• Material provided:
---

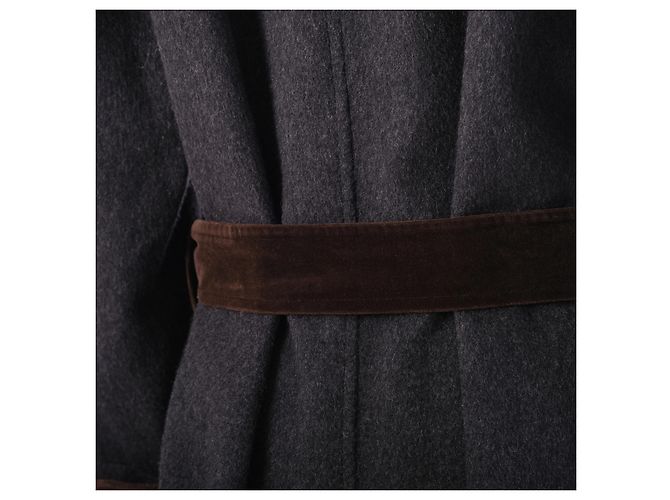 Yves Saint Laurent Abrigo de lana Saint Laurent Rive Gauche Paris con ribete de terciopelo – '70s Gris Burdeos - vista 4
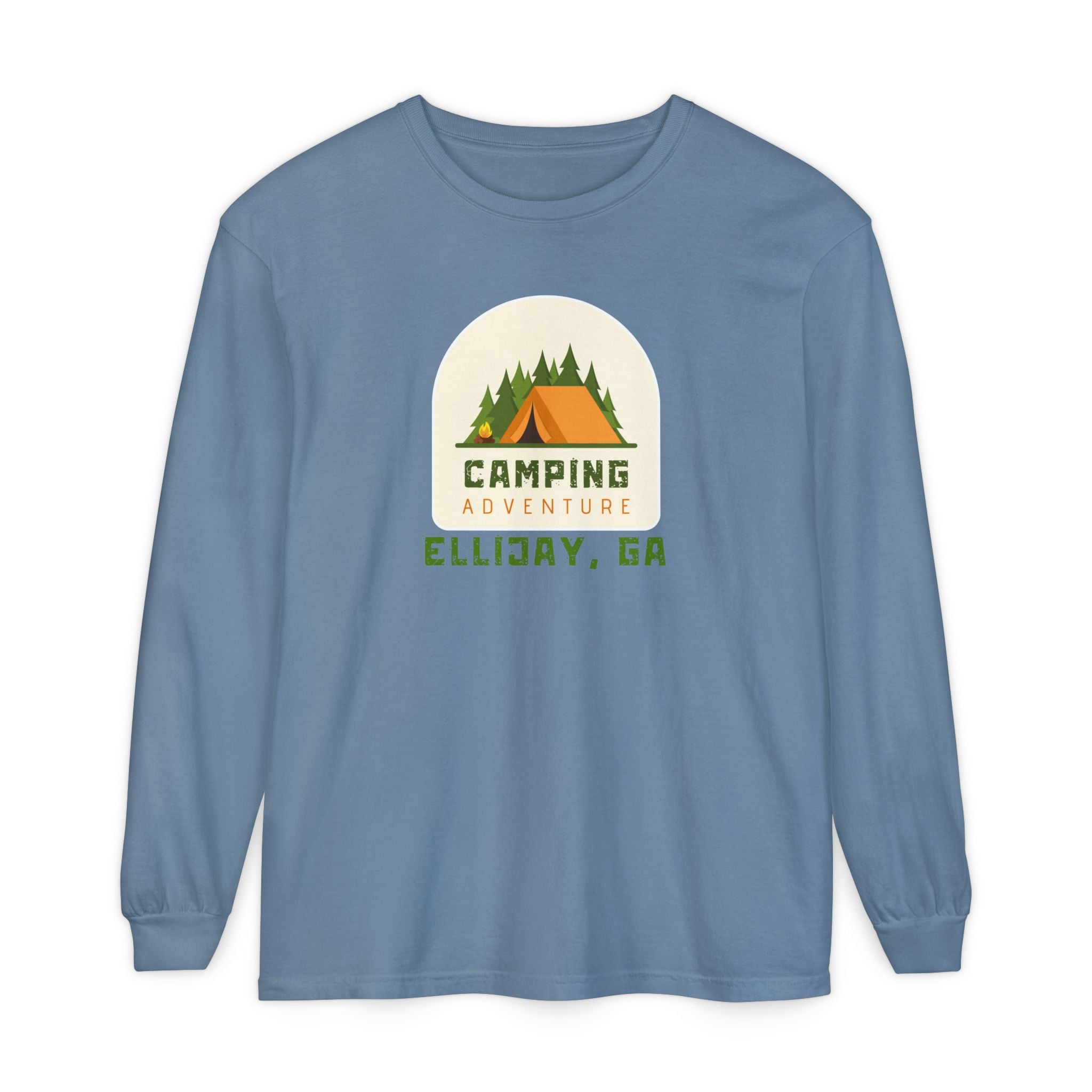 Unisex Adult Long Sleeve T-shirt, Camping Adventure Design, by 515Gear.com | Ellijay, GA | Camping Hair, Don't Care!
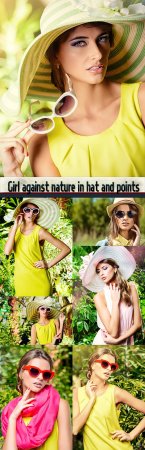 Girl against nature in hat and points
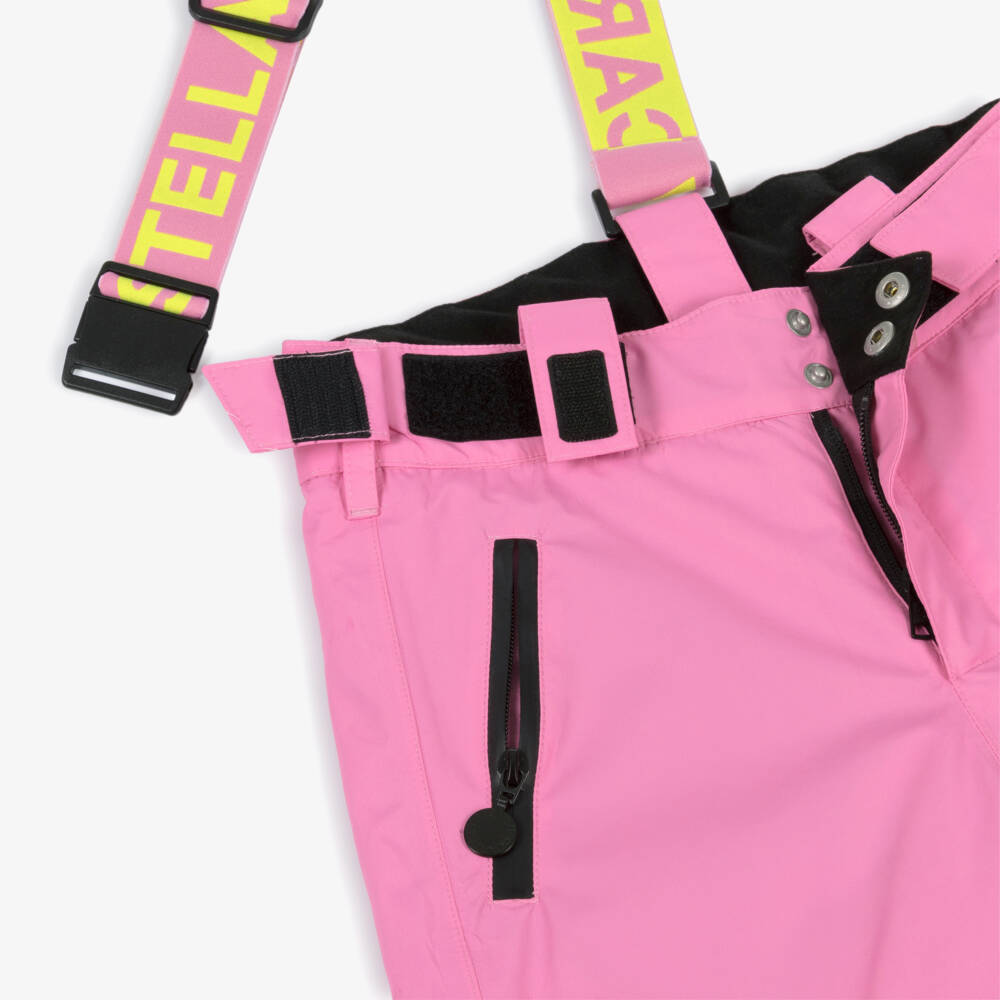 Stella McCartney Kids-بنطلون تزلج بقلوب لون أصفر نيون وزهري للبنات | Childrensalon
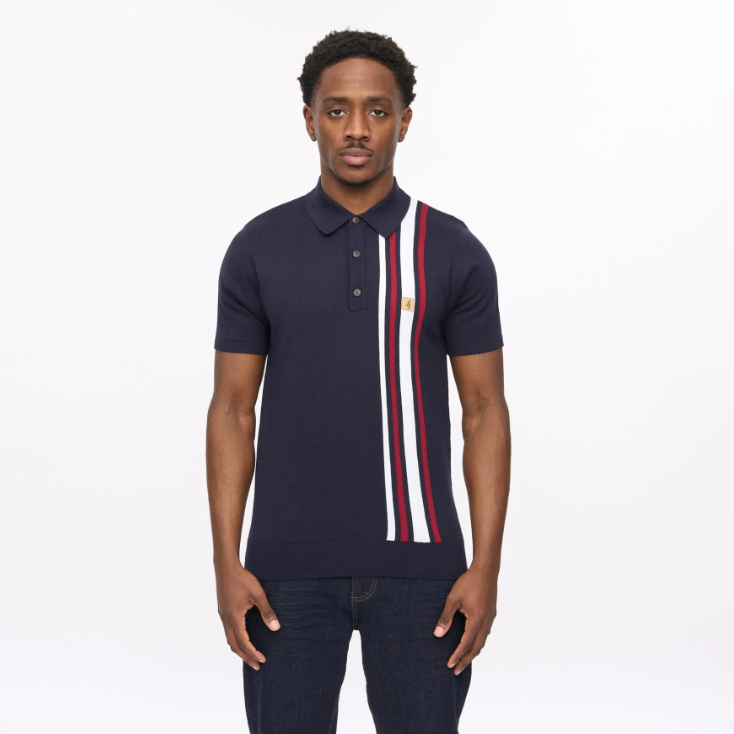 Gabicci Mens Soda Short Sleeve Side Stripe Knit Polo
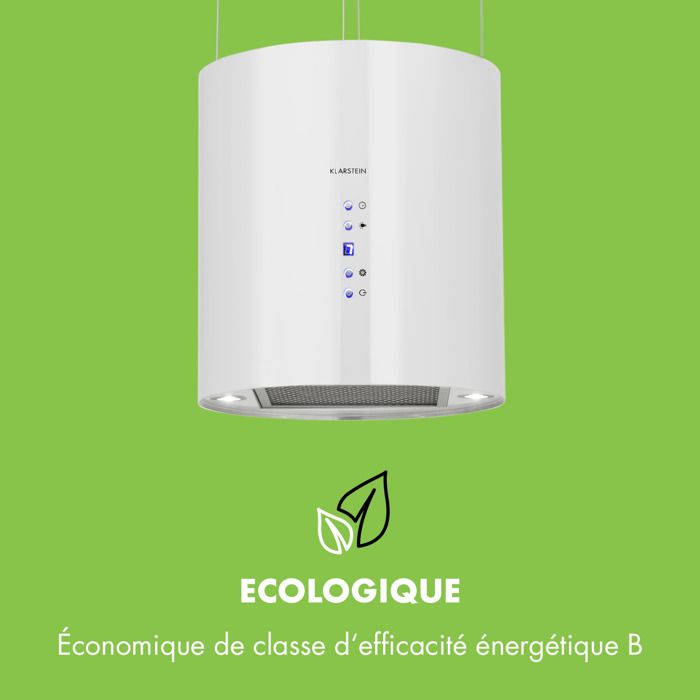 Hotte aspirante - Klarstein - hotte ilot 35 cm avec evacuation exterieure - 558m³/h 3 vitesses - hotte ilot central cuisine - blanc – Image 6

---

• Problem details:
Starting from the line that has "Gabicci Mens Soda" and ending at the last line of the material above, every line should be output exactly; pictures are dropped and nothing else appears.

• Answer to this problem:
 Gabicci Mens Soda Short Sleeve Side Stripe Knit Polo
 Hotte aspirante - Klarstein - hotte ilot 35 cm avec evacuation exterieure - 558m³/h 3 vitesses - hotte ilot central cuisine - blanc – Image 6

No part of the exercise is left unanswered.